CLOSE-UP PERSPECTIVE: DDB’s Walkers loss shows globalism’s short-sightedness

’Globalism’ was one of the busier buzzwords of the 80s. The concept was nowhere more stridently touted than in adland where it was left to JWT’s then chairman, Jeremy Bullmore, to take an opposing view. Where, he wanted to know, was all this global business coming from? Name a few truly international products, he argued, and that’s just what you have - a few. Benetton, Coca-Cola, Marlboro, Mars, McDonald’s. Then what?

’Globalism’ was one of the busier buzzwords of the 80s. The concept

was nowhere more stridently touted than in adland where it was left to

JWT’s then chairman, Jeremy Bullmore, to take an opposing view. Where,

he wanted to know, was all this global business coming from? Name a few

truly international products, he argued, and that’s just what you have -

a few. Benetton, Coca-Cola, Marlboro, Mars, McDonald’s. Then what?

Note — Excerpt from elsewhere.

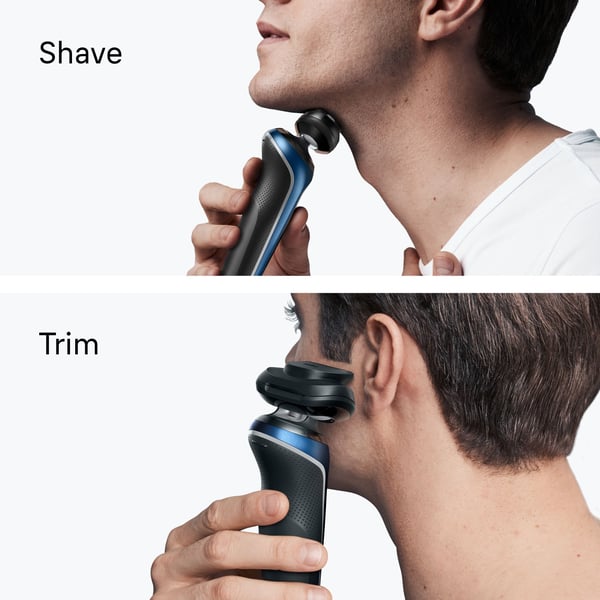 Braun Series 6, 62-B1200S Wet&Dry -rakapparat med skäggtrimmertillbehör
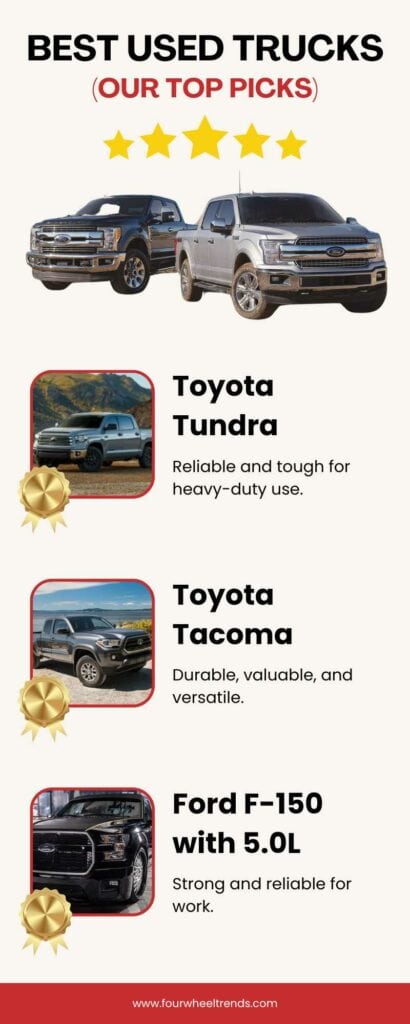 Our Top 3 Picks for Best Used Trucks To Buy (Infographic)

Bullmore compared the corporate globe to a Battenburg cake: each market

went all the way through but it was a pretty thin market each time. He

forecast that competition and the marketplace would remain what they had

always been - local and national.



Global ideology seeped through to some clients, resulting in a parade of

’globaldegook’ on our TV screens. Others allowed local advertising

excellence to hold sway over global decisions. Frito-Lay was one - until

last Thursday, when it stunned DDB by handing Walkers to its fellow

Omnicom network, BBDO, after a pitch called by Steve Reineround, head of

Frito-Lay.



The pitch aimed to centralise all forms of communication, achieving

worldwide and vertical integration for a complex arrangement of brands.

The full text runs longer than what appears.